Visualization functions create interactive displays of PAD cards and predictions.

### 6.1 show_card() - Display single card

In [None]:
# Display a single card with image and metadata
print("Displaying card 47918:")
pad.show_card(card_id=47918)

In [None]:
# Display card by sample_id (may show multiple if sample has multiple cards)
print("Displaying cards for sample 52677:")
pad.show_card(sample_id=52677)

### 6.2 show_cards() - Display multiple cards

In [None]:
# Display multiple cards by card IDs
print("Displaying multiple cards:")
pad.show_cards(card_ids=[47918, 47919, 47920])

In [None]:
# Display multiple cards by sample IDs
print("Displaying cards for multiple samples:")
pad.show_cards(sample_ids=[52677, 52678])

### 6.3 show_cards_from_df() - Display cards from DataFrame

In [None]:
# Get some cards and display them
rifampicin_cards = cards[cards['sample_name'].str.contains('rifampicin', case=False, na=False)].head(3)
if len(rifampicin_cards) > 0:
    print("Displaying rifampicin cards:")
    pad.show_cards_from_df(rifampicin_cards)
else:
    print("No rifampicin cards found in this dataset")
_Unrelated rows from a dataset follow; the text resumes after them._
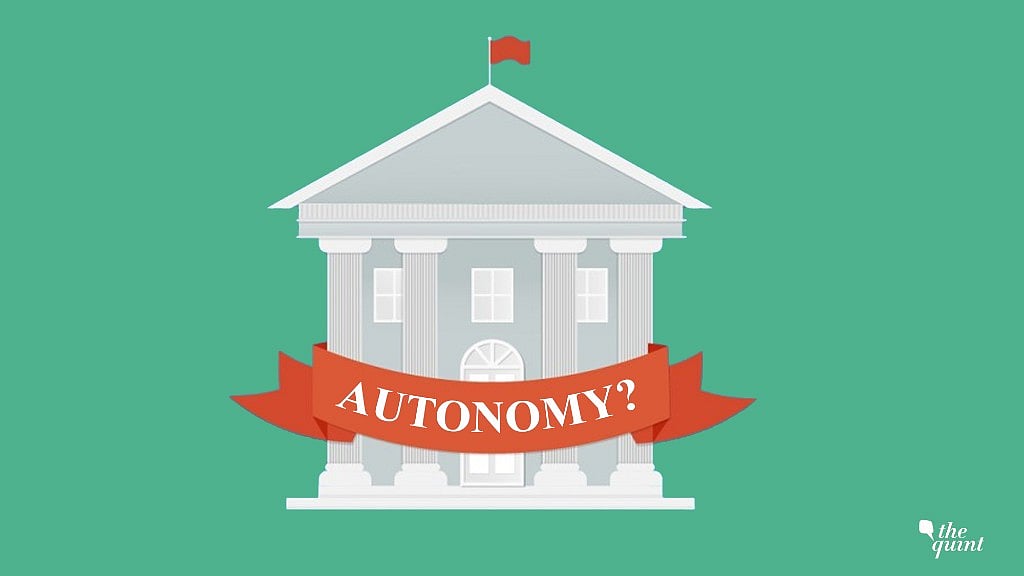 The UGC has decided to grant autonomy to 60 educational institutions, including 52 universities and eight colleges.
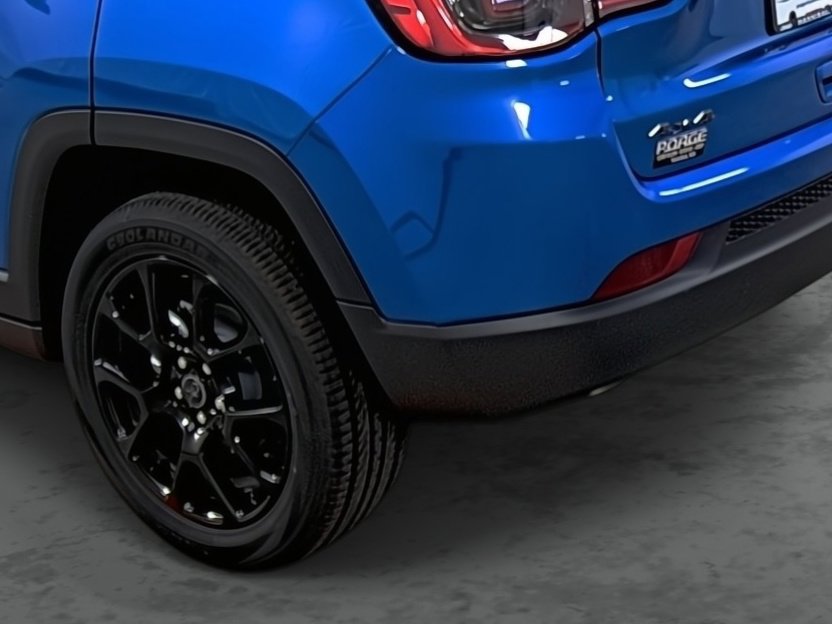 New 2026 Jeep Compass Latitude w/ Quick Order Package 29K image 9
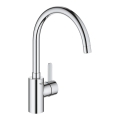 GROHE 32843002 - Drezová batéria EUROSMART COSMOPOLITAN lesklý chróm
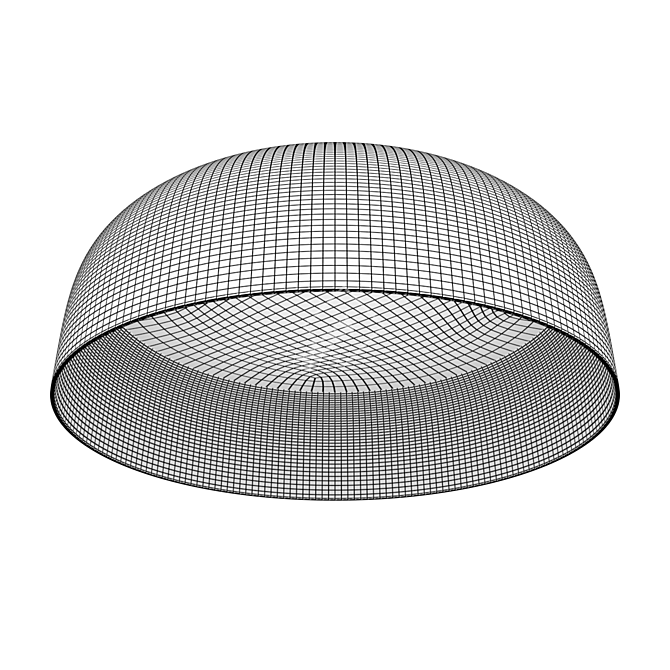 LED Downlights DLC79027 & DLC79028: Stylish & Efficient Lighting 3D model image 3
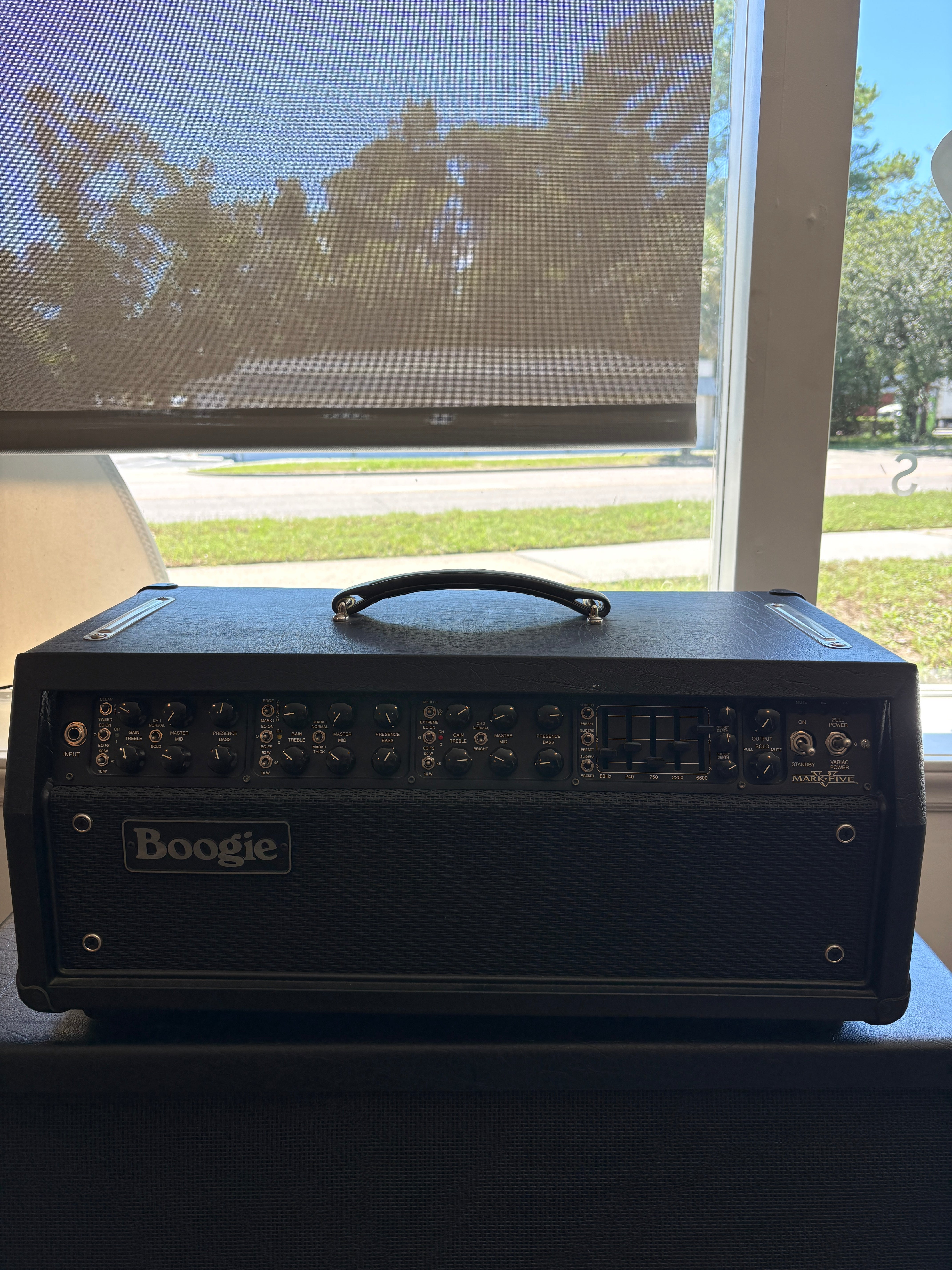 Amps – Rusty's Cool Guitars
### 6.4 show_grouped_cards() - Display cards organized by groups

In [None]:
# Group cards by concentration and display in tabs
sample_cards = cards[cards['sample_name'].str.contains('ceftriaxone', case=False, na=False)].head(15)
if len(sample_cards) > 0:
    print("Displaying cards grouped by concentration:")
    pad.show_grouped_cards(sample_cards, group_column='quantity', images_per_row=3)
else:
    print("Not enough cards for grouping demonstration")

### 6.5 show_prediction() - Display card with prediction results

In [None]:
# Show prediction results for a card
print("Card with drug classification prediction (Model 16):")
pad.show_prediction(card_id=47918, model_id=16)

In [None]:
# Show concentration prediction
print("\nCard with concentration prediction (Model 18):")
pad.show_prediction(card_id=47918, model_id=18)

## 7. Prediction & Analysis <a name="prediction"></a>

Prediction functions apply ML models to PAD images for drug identification and quantification.

### 7.1 predict() - Single card prediction

In [None]:
# Drug classification prediction (Model 16)
actual, prediction = pad.predict(card_id=47918, model_id=16)
drug_name, confidence, energy = prediction
print(f"Drug Classification (Model 16):")
print(f"  Actual: {actual}")
print(f"  Predicted: {drug_name} (confidence: {confidence:.2%})")
print(f"  Energy: {energy:.2f}")

In [None]:
# Concentration prediction (Model 18 - PLS)
actual, predicted = pad.predict(card_id=47918, model_id=18)
print(f"\nConcentration Prediction (Model 18 - PLS):")
print(f"  Actual: {actual:.2f}%")
print(f"  Predicted: {predicted:.2f}%")
print(f"  Error: {abs(actual - predicted):.2f}%")

### 7.2 predict_url() - Predict from image URL

In [None]:
# Get image URL from a card
card = pad.get_card(card_id=47918)
image_url = card['processed_file_location'].iloc[0]

# Make prediction directly from URL
actual_value = card['quantity'].iloc[0]
_, prediction = pad.predict_url(image_url, model_id=16, actual=card['sample_name'].iloc[0])
print(f"Prediction from URL:")
print(f"  Image: {image_url.split('/')[-1]}")
print(f"  Predicted drug: {prediction[0]}")

### 7.3 apply_predictions_to_dataframe() - Batch predictions (Optimized in v0.2.1)

In [None]:
# Apply predictions to a dataset - now with optimized batch processing!
# Let's use a small subset for demonstration
small_dataset = cards.head(10)

print("Applying batch predictions (optimized in v0.2.1):")
print(f"Processing {len(small_dataset)} cards...")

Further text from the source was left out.